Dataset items
______
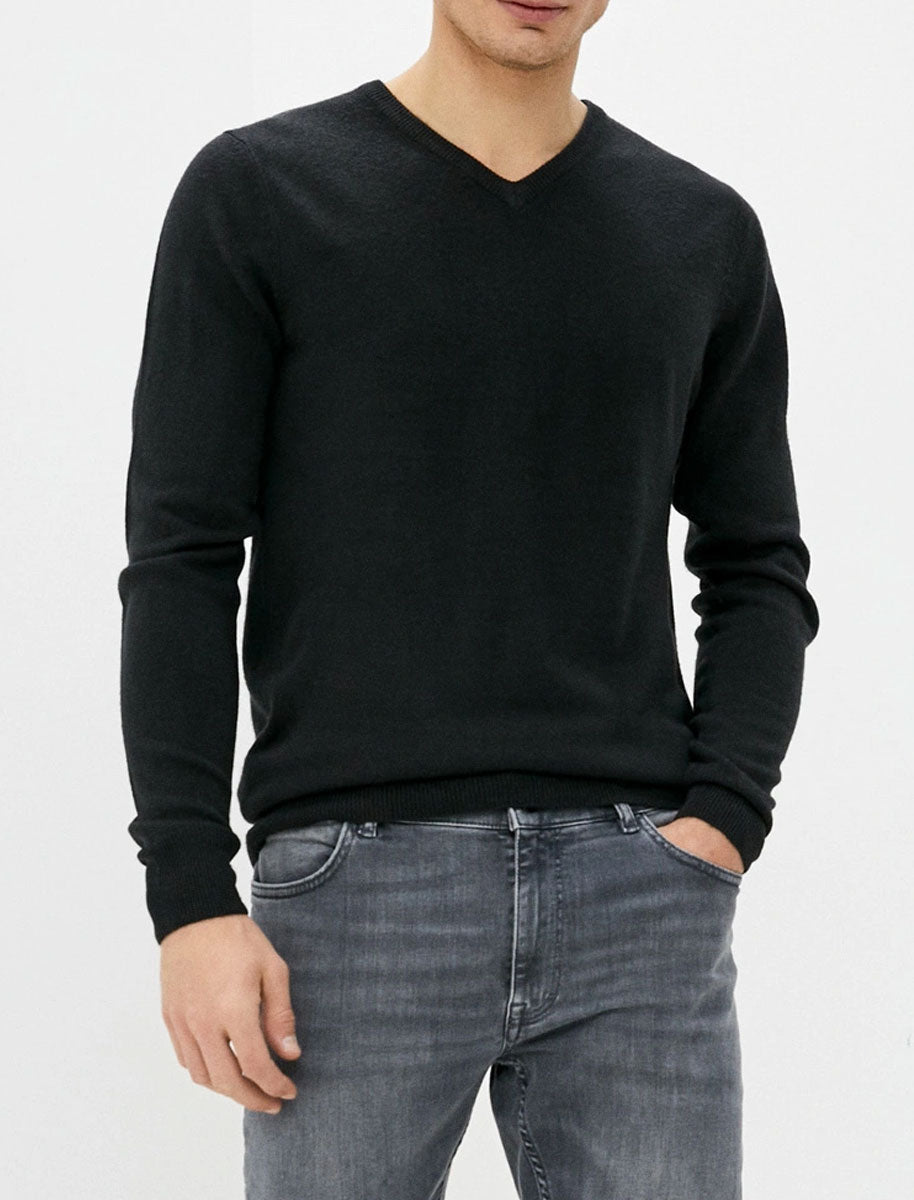 Jumpers Kasso Soft V Neck Jumper In Black - Kensington Eastside / M - Tokyo Laundry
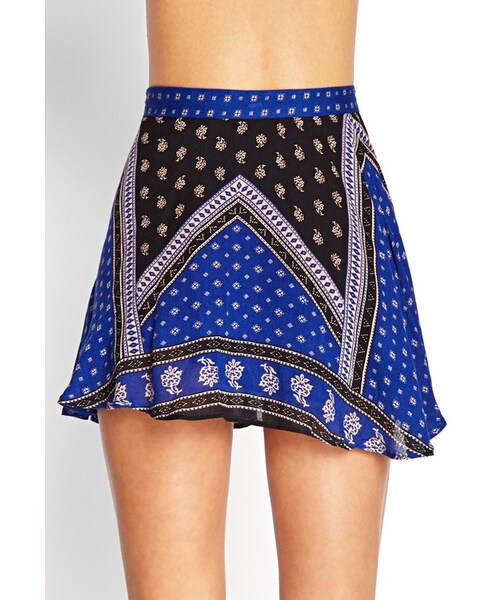 FOREVER 21(フォーエバー トゥエンティーワン)の「FOREVER 21 Woven Floral Skater Skirt(スカート・レディース・Blue・27)」の4枚目の写真
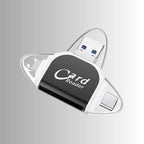 Card Reader | 4-In-1 USB 3.0 & SD/Micro-SD | Zinc Alloy Keychain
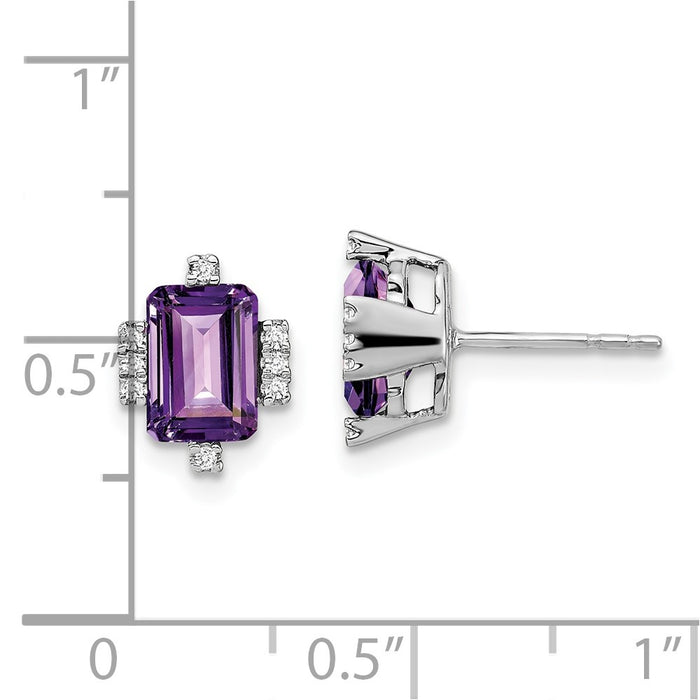 High-Quality 14K White Gold Amethyst & Diamond Earrings | Stylish Value!-2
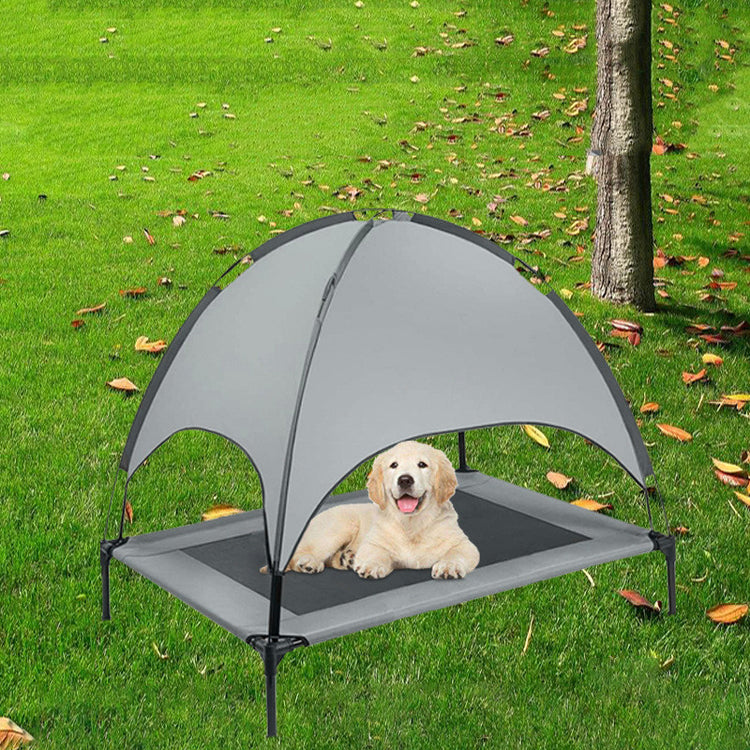Pet outdoor covered loft bed with a sunshade tent, ideal for camping and outdoor relaxation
______
## Your task
Please transcribe every entry above exactly, leaving out any pictures.

## Exercise response
 Jumpers Kasso Soft V Neck Jumper In Black - Kensington Eastside / M - Tokyo Laundry
 FOREVER 21(フォーエバー トゥエンティーワン)の「FOREVER 21 Woven Floral Skater Skirt(スカート・レディース・Blue・27)」の4枚目の写真
 Card Reader | 4-In-1 USB 3.0 & SD/Micro-SD | Zinc Alloy Keychain
 High-Quality 14K White Gold Amethyst & Diamond Earrings | Stylish Value!-2
Pet outdoor covered loft bed with a sunshade tent, ideal for camping and outdoor relaxation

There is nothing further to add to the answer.